Cybersecurity and Business Scheme Design

Questions and Answers

This activity designs business schemes needed to handle security incidents, including ______ Building.

Contract

Compliance Building regulates the usage of ______ assets.

ICT

Capability Building focuses on building the cybersecurity handling ______ inside an organization.

capability

This activity cultivates users and increases their awareness, knowledge, and ______.

skills

Cybersecurity Education is for educating users on using the system ______.

properly

Practice and Exercise helps users put the knowledge learned into ______ when needed.

practice

Boosting Awareness may involve publicizing via posters, flyers, and ______ to increase cybersecurity awareness.

brochures

An organization may create contracts for subcontractors defining monetary compensation for confidential information ______.

leakage

Team-building inside these organizations is also included in the ______ activity.

Capability Building

It may score the cybersecurity status considering the vulnerability level and information ______.

confidentiality

Study Notes

Cybersecurity Operation Stages

• Preventive Stage: Implements measures to mitigate potential cyber risks and incidents through the installation and configuration of ICT assets.
• Enforcement Stage: Enforces security policies and measures initially prepared, handling routine operations during stable periods.
• Detection Stage: Monitors and detects cybersecurity incidents, triggering the responsive stage upon identification of risks.
• Responsive Stage: Assesses and manages detected incidents while collaborating with external entities as necessary.

Activities in the Preventive Stage

• Secure Infrastructure Provisioning: Equips ICT infrastructure with necessary security provisions to ensure effective, efficient, and secure system operation.

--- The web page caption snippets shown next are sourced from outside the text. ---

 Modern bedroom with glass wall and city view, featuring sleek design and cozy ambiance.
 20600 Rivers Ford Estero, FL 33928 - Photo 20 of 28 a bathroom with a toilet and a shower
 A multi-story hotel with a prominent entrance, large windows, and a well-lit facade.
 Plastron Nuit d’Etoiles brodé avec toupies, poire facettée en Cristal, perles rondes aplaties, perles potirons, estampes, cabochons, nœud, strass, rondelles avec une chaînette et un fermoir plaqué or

Includes the following sub-activities:

  • Software and Hardware Development: Involves the design, implementation, testing, and ongoing maintenance of software/hardware, including security patch creation.
  • System Integration: Ensures effective operation between new and existing system components, emphasizing meticulous design and configuration to mitigate integration vulnerabilities.
  • Network Integration: Focuses on building secure networks by integrating components like routers and firewalls, ensuring proper installation and configuration.
  • Service Subscription: Entails selecting appropriate external service providers (ISPs, CSPs) to ensure compliance with security levels.

• Security Policy Design: Identifies and implements security policies, including rules for traffic filtering through manual or automated methods, enhancing overall system security.

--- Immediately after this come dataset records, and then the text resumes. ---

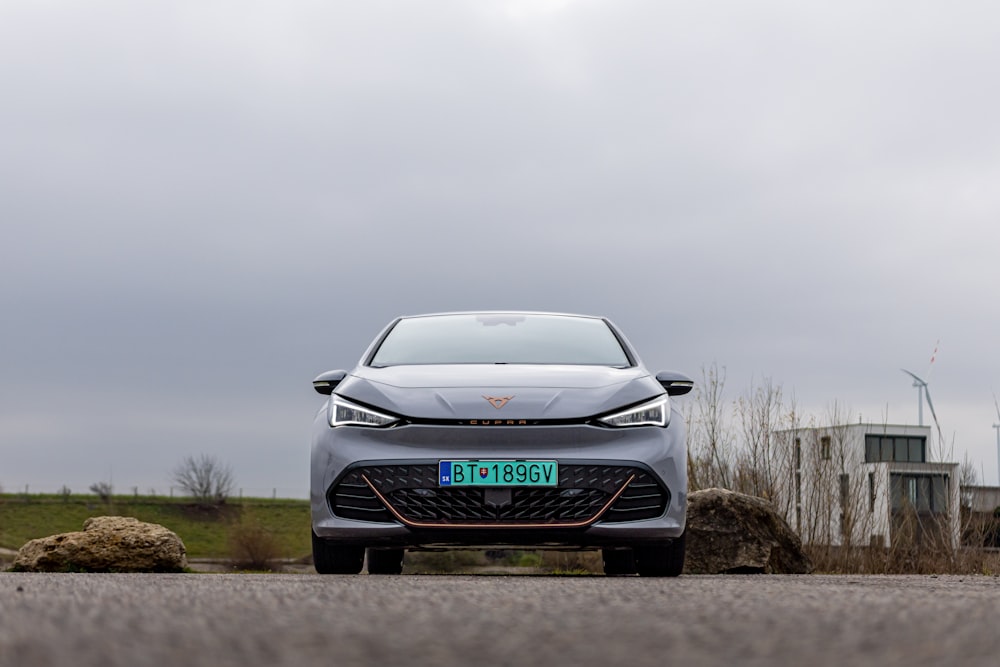 a grey car parked on the side of a road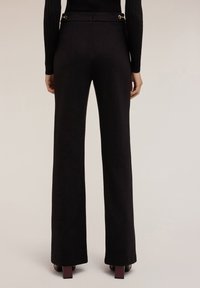 Zwarte op maat gemaakte broek van gladde stof, met een hoge taille, twee goudkleurige hardwareaccenten en een recht gesneden ontwerp.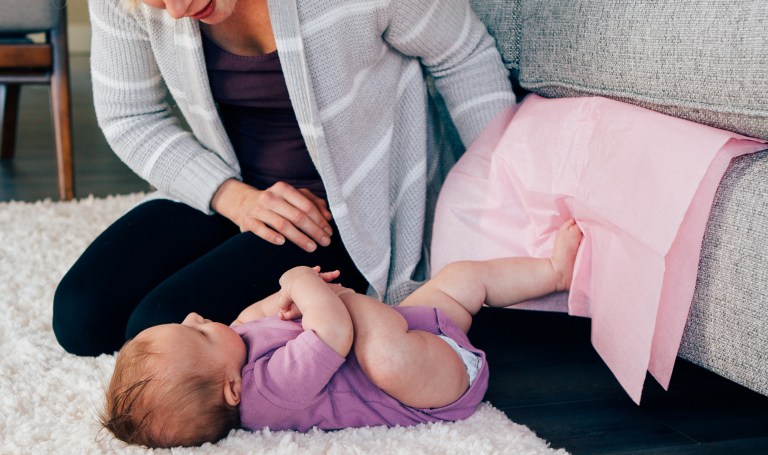 Baby kicking tissue paper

• Measurement Design: Establishes measurement strategies, including logging and monitoring of system activity to ensure compliance with security policies.

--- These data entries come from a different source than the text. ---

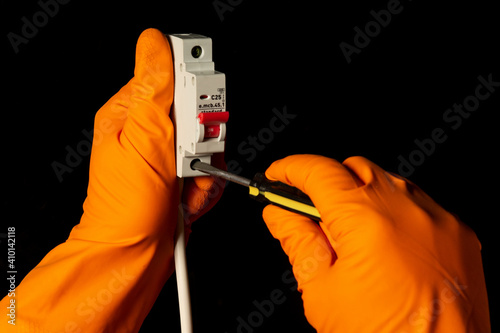 Electrician hands with gloves connect cable to Miniature Circuit Breaker with screwdriver photo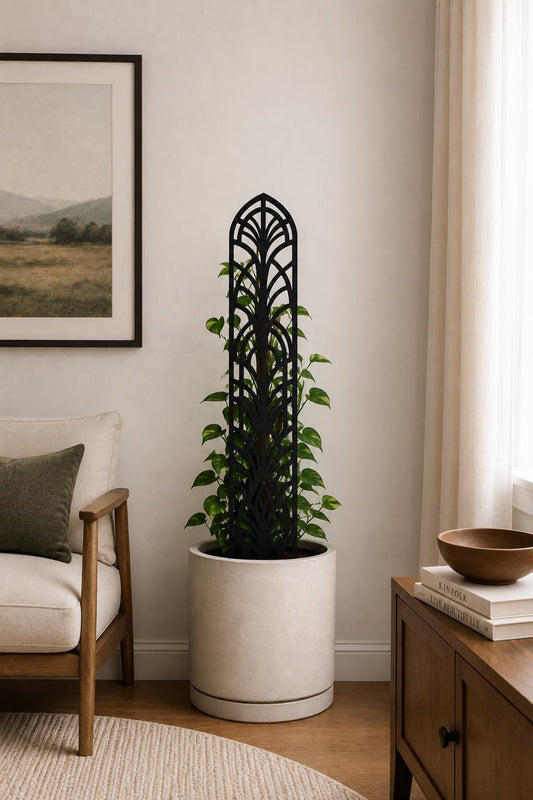 Colloquial arch plant trellis supporting a leafy climbing houseplant in a tall white planter beside a cream armchair and bright window in a modern living room.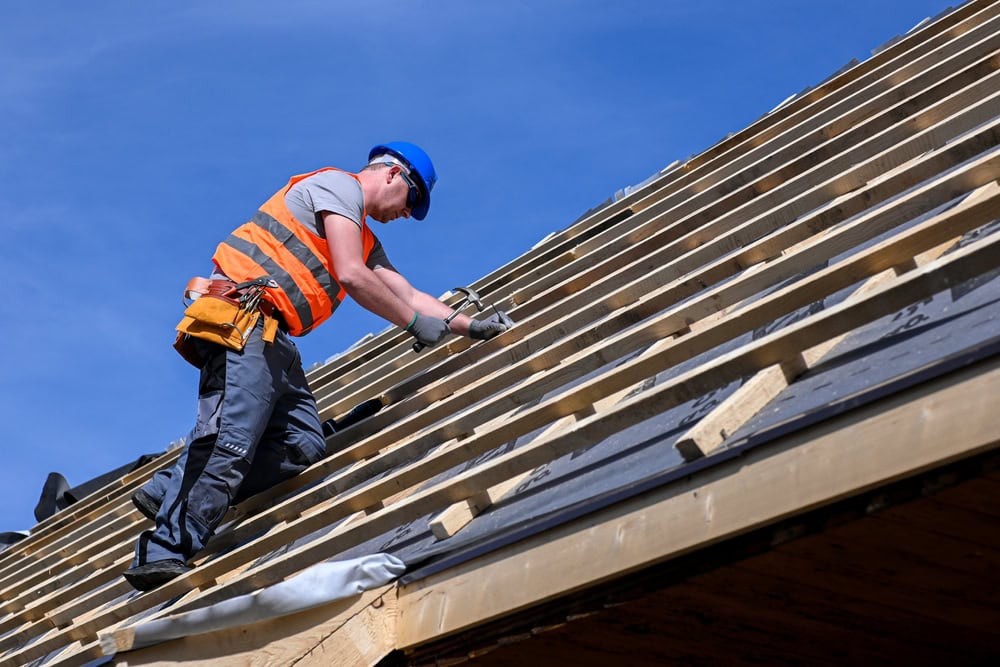 A construction worker in a blue hard hat and orange safety vest installs wooden beams on a sloped roof under a clear blue sky.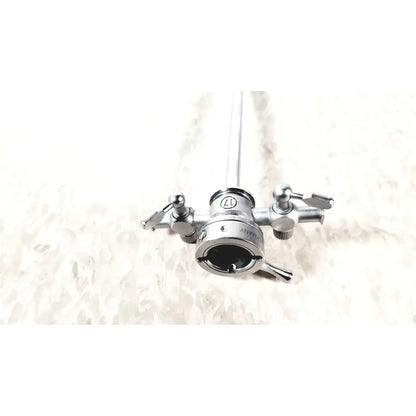 Silver stainless steel olympus a2211 dual valve sheath with central shaft and engraved branding surgical instrument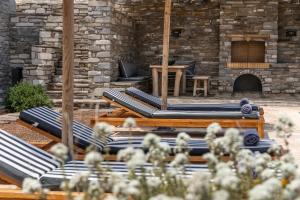 a group of lounge chairs in front of a stone building at Acron Villas Paros in Kolympithres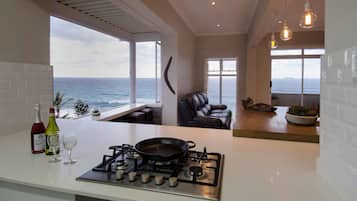 Departamento superior, 2 habitaciones, vista al océano, frente al mar | Área de sala de estar | Smart TV de 50 pulgadas con canales vía satélite, televisión y Netflix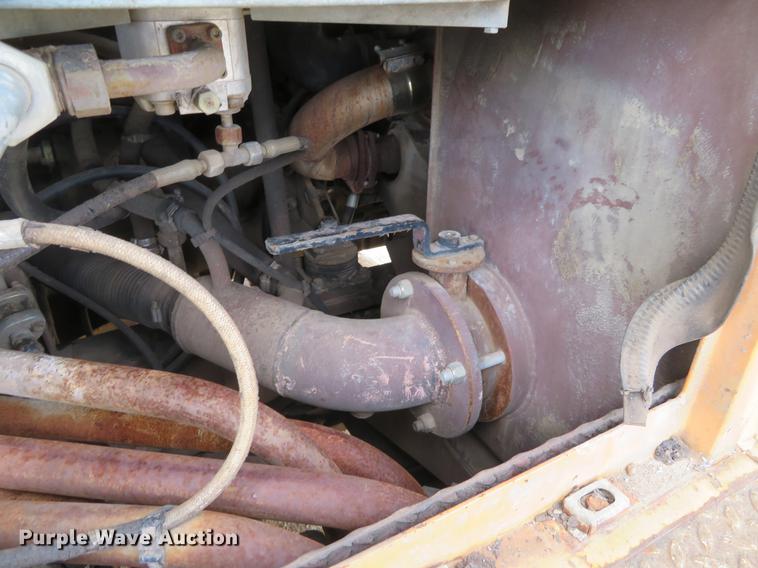 image for item DE6543 Case 220B excavator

• Cybersecurity Diagnosis: Conducts assessments and tests to identify cybersecurity risks, encompassing:

  • Source Code Review: Analyzes software for known vulnerabilities, focusing on common coding threats.
  • Integrity Check: Verifies system modifications against predefined security policies, ensuring security compliance.
  • Penetration Test: Attempts to breach systems to identify security weaknesses using focused testing techniques.
  • Abuse and Stress Test: Evaluates system resilience to attacks like DDoS through imposed excessive loads.
  • Vulnerability Enumeration: Investigates systems for vulnerabilities, often utilizing external security services.

• Cybersecurity Assessment: Assesses the system's overall cybersecurity status based on diagnosis results and internal audits, scoring risks according to vulnerability levels and information confidentiality.

• Business Scheme Design: Develops strategies for handling security incidents, involving:

  • Contract Building: Establishes contracts for potential cybersecurity losses, serving as a deterrent against data breaches.
  • Compliance Building: Develops compliance regulations to govern ICT asset use.
  • Capability Building: Enhances organizational capability for cybersecurity incident management, including the formation of dedicated incident response teams.

User Cultivation Activities

• Cybersecurity Education: Provides training for users on proper ICT asset usage, expected functionalities, and troubleshooting methods.
• Practice and Exercise: Facilitates practical training sessions to reinforce learned concepts, preparing users for real-world scenarios.
• Boosting Awareness: Increases awareness about cybersecurity through materials like posters and brochures, emphasizing the significance of security measures and incident prevention.

Description

This quiz assesses your understanding of cybersecurity status, focusing on vulnerability levels and information confidentiality. It also explores the design of business schemes essential for managing security incidents, including the intricacies of contract building for compensating losses due to cybersecurity issues.